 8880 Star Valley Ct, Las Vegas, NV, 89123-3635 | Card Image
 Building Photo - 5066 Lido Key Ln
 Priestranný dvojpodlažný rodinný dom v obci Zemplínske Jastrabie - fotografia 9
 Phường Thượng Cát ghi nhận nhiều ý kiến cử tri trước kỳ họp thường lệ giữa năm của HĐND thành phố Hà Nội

==

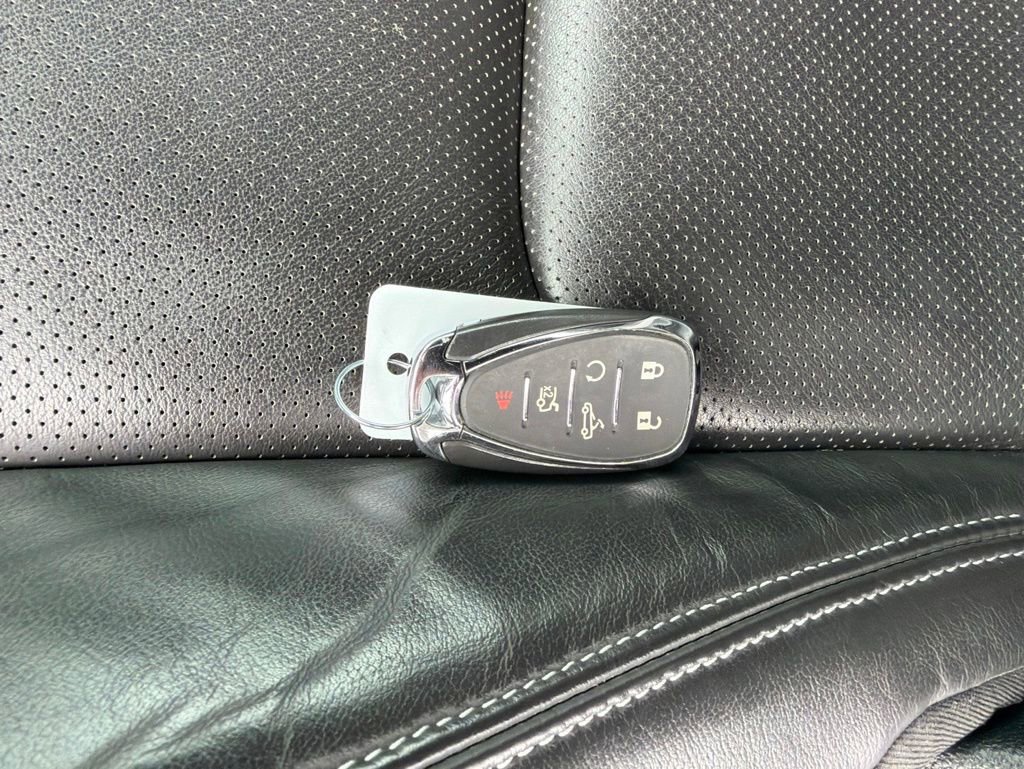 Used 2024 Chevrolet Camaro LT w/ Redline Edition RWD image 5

How to complete this task: Retype exactly the span of lines from the one with "Priestranný dvojpodlažný rodinný" through the one with "Phường Thượng Cát"; include both ends and omit the rest of the material.

Answer area:
 Priestranný dvojpodlažný rodinný dom v obci Zemplínske Jastrabie - fotografia 9
 Phường Thượng Cát ghi nhận nhiều ý kiến cử tri trước kỳ họp thường lệ giữa năm của HĐND thành phố Hà Nội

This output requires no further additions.